Overseas development spending that has been ostensibly frozen under the Belt and Road Initiative has yet to resume in any form under the country’s new project, the Global Development Initiative. A key potential plank of China’s green leadership remains unfulfilled.

For two years, no overseas energy sector lending has been recorded from China’s two development finance institutions to foreign governments, according to research by the Boston University Global Development Policy Center.

“Now is the time for China to use its scale and experience to redirect development finance towards greener goals,” Dr Cecilia Springer, a non-resident fellow with the centre’s Global China Initiative, said in a statement.

But China has remained steadfast about not bowing to outside pressures, a position unlikely to yield at the negotiating tables at COP28.
A solar farm sits next to Donggou village near Shijiazhuang city in northern China's Hebei province, Friday, Nov. 10, 2023. (AP Photo/Ng Han Guan)

SMALL STEPS AND RECIPROCITY 

Two veteran negotiators are seen as central to the success of US and China ring-fencing their climate relationship from other flashpoints. Mr Kerry and his counterpart Xie Zhenhua met for five days to thrash out the Sunnylands Statement and lay the groundwork for a productive COP.

Their relationship has been a pathway to bilateral synergy since their 2014 joint statement gave momentum to establish the Paris Agreement in 2015.

“I do believe the personal efforts of John Kerry and Xie Zhenhua are notable. Sunnylands is the proof of the power of committed individuals. But clearly, to transcend the significant constraints imposed by contentious bilateral politics, we will need more than individual leadership,” Mr Li said.

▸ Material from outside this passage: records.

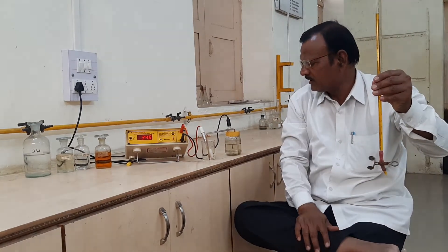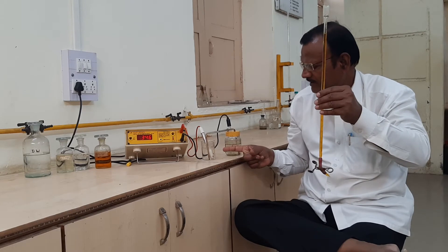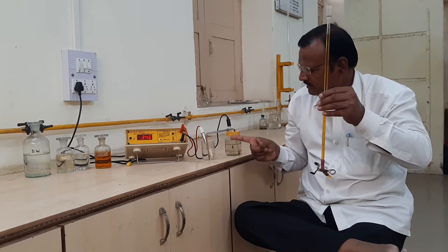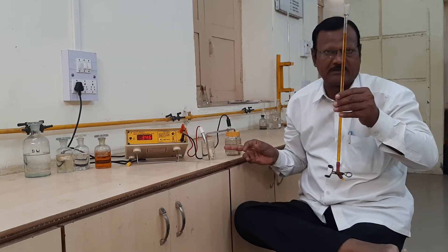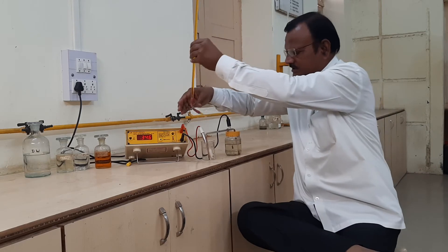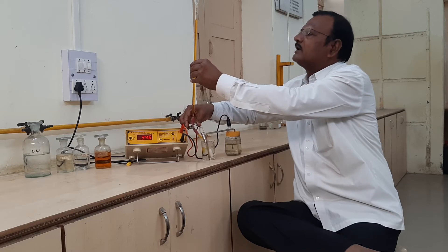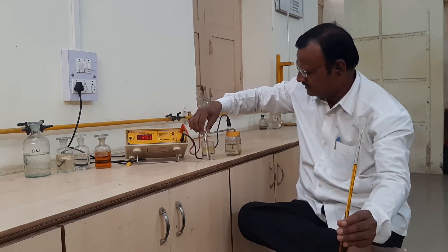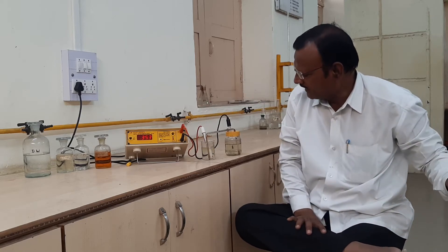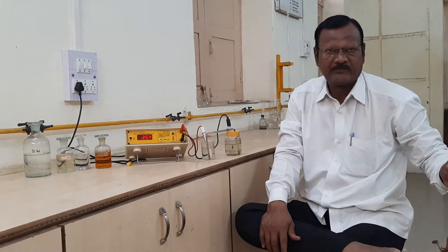We add 1 ml of potassium dichromate solution into the second half cell, which contains 10 ml of ferrous ammonium sulfate and one test tube of sulfuric acid in diluted solution. Then we stir the solution, wait a few seconds, and observe the second reading on the potentiometer.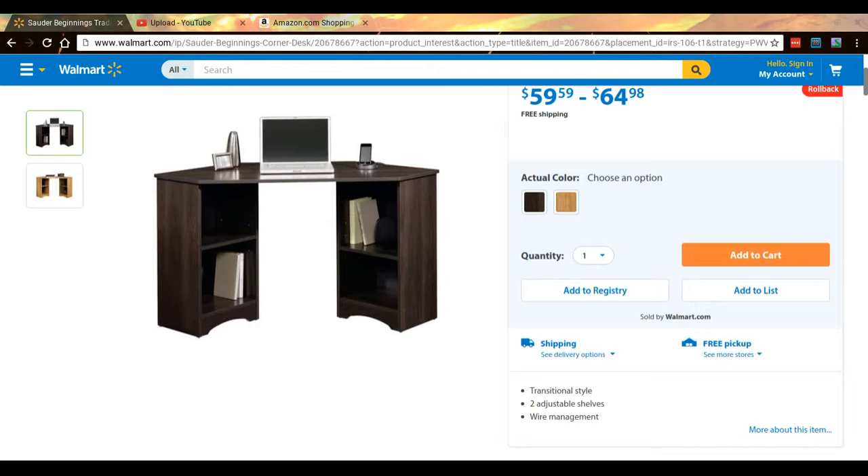Hey, what's up YouTube, Gary456 here, welcome to another video. This video will be the best gaming setup under $135. This is without the mouse and the PC — that'll be in another video. Right now here's just the basic layout with the monitor, the desk, and speakers if you want.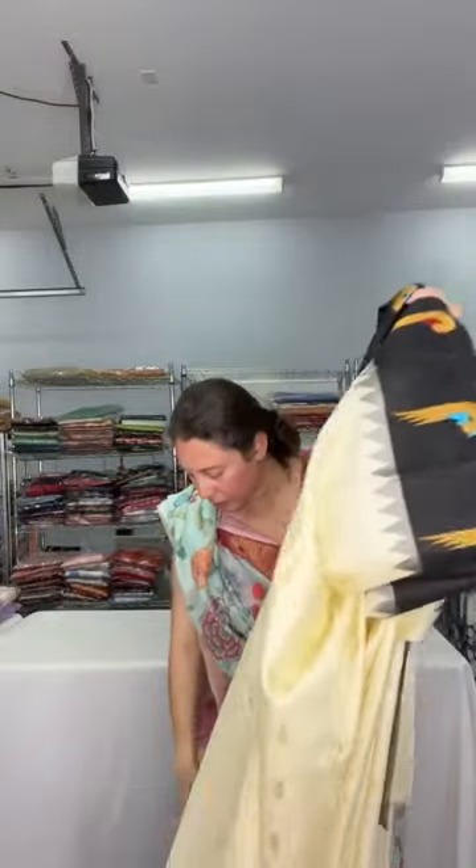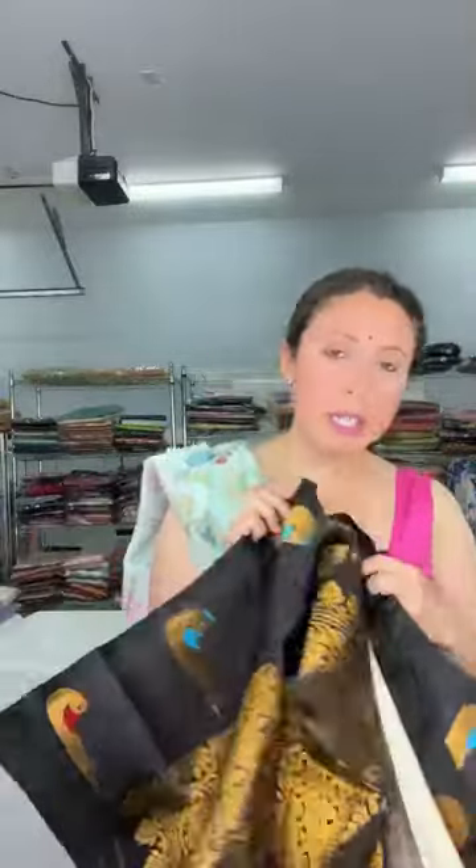All the sarees are on our website. I am located in Edison, New Jersey — if you want to visit in person you can always set up an appointment. If you have any questions, please feel free to WhatsApp me or text me. Thank you everybody for joining the live. Good night, bye!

The analysts agreed that operating in a politically delicate space was not conducive to bring about the sweeping changes that climate science demands. Nor will Mr Kerry and Mr Xie, who are in their 70s, be able to hold the reins forever. Mr Xie is set to retire in December, Reuters reported this month.

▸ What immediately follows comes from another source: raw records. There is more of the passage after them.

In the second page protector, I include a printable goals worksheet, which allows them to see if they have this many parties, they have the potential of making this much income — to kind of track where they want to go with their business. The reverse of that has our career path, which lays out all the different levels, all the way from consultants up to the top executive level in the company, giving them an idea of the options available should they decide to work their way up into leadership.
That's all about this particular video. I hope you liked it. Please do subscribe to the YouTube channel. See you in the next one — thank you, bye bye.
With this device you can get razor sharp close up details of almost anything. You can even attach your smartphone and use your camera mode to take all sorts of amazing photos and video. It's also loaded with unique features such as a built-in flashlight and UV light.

Self interest, economic competition and domestic political considerations are all barriers in the relationship. Both nations also have ambitions for clean energy dominance, Ms Hsu said, “which doesn’t necessarily imply climate cooperation”.

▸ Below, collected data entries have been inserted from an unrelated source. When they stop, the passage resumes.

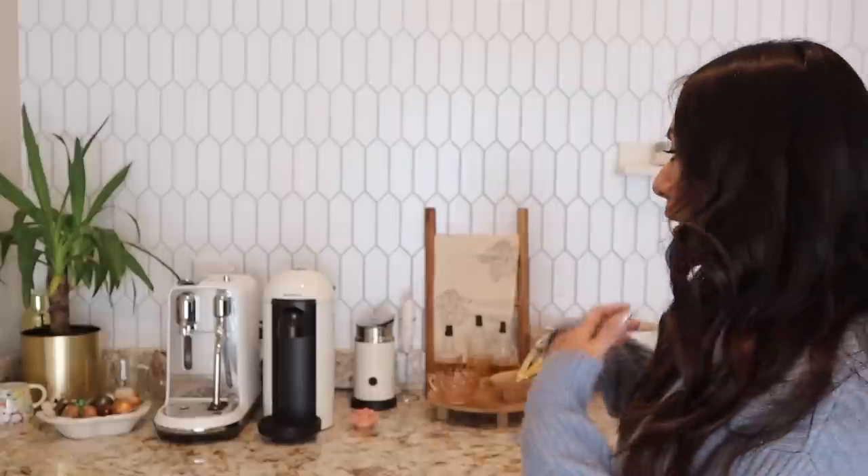Here is my machine — I got the Creatista Plus in the color Sea Salt. There is also a Creatista Pro, and the only difference is that the Pro allows you to brew and steam the milk at the same time. The Creatista Plus does not do that, but when I started reading about voltage issues...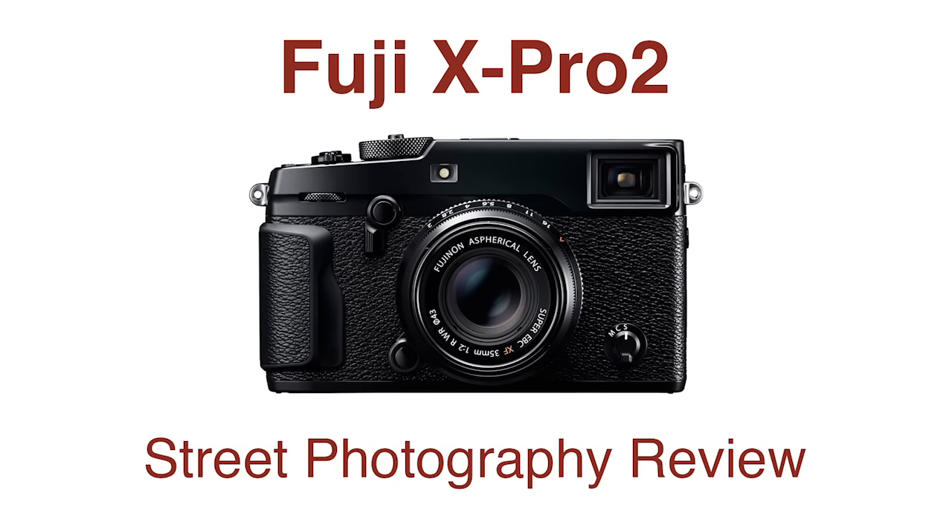The original X-Pro1 was released in 2012 as a follow-up to Fuji's really successful X100. It was an interchangeable lens camera that still had the hybrid viewfinder, and it introduced the world to X-Trans sensors for the very first time. There was a lot of excitement around that camera — a lot of people thought it was the Leica killer. But in the end the camera sort of didn't live up to the hype. The autofocus was horrible. The performance was a little lackluster, and the camera sort of languished.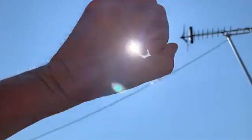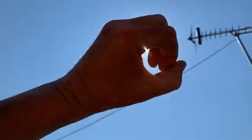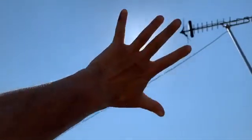Ladies and gentlemen, this is how to do work on one of the hottest days of the year. Thank you.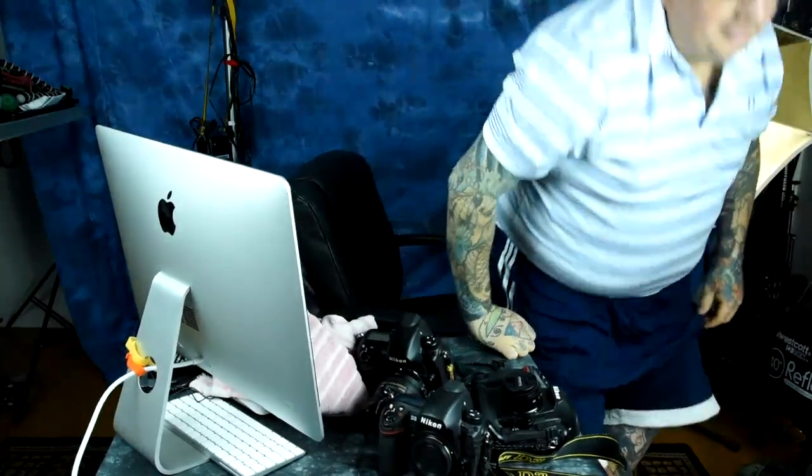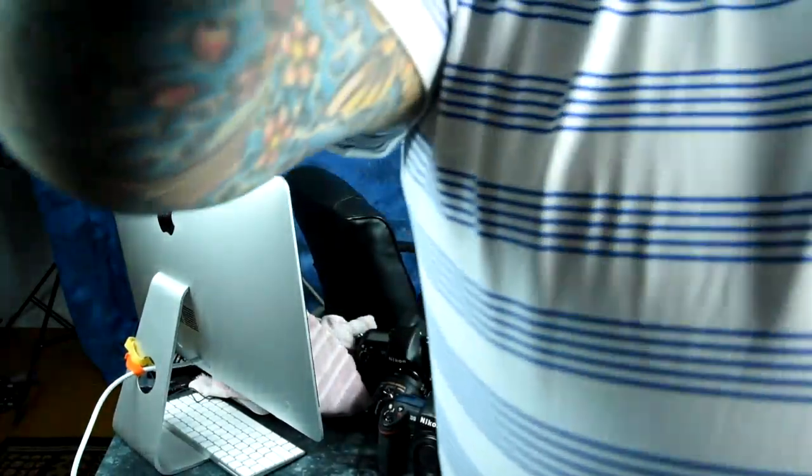I don't know why I've got three Nikon pro bodies here. Certainly don't need that many — one's more than enough. Anyway, this video is for you, Ben. Catch you later. Bye.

The US has tried to dent China’s grip on supply chains for critical materials for renewable energy production, especially solar panels. President Biden placed a ban on some Chinese polysilicon over concern about the use of Uyghur forced labour in China’s Xinjiang region.

Amid a separate tussle over microchip technology, Beijing this year threatened to ban the export of more of its solar technology, which would stymie the US’ own efforts to domestically produce its own photovoltaic panels.

Such a move could set back the green transition.

“Just because it’s an area ... they find less political contentious doesn’t necessarily imply they share ambition,” Ms Hsu said.

“No side wants to concede more than they receive,” said Ms Sharon Seah, a senior fellow and coordinator of the Climate Change in Southeast Asia Programme at ISEAS-Yusof Ishak Institute.

“So going forward, I think that’s how the relationship will be managed – small steps and always with the principle of reciprocity in mind.”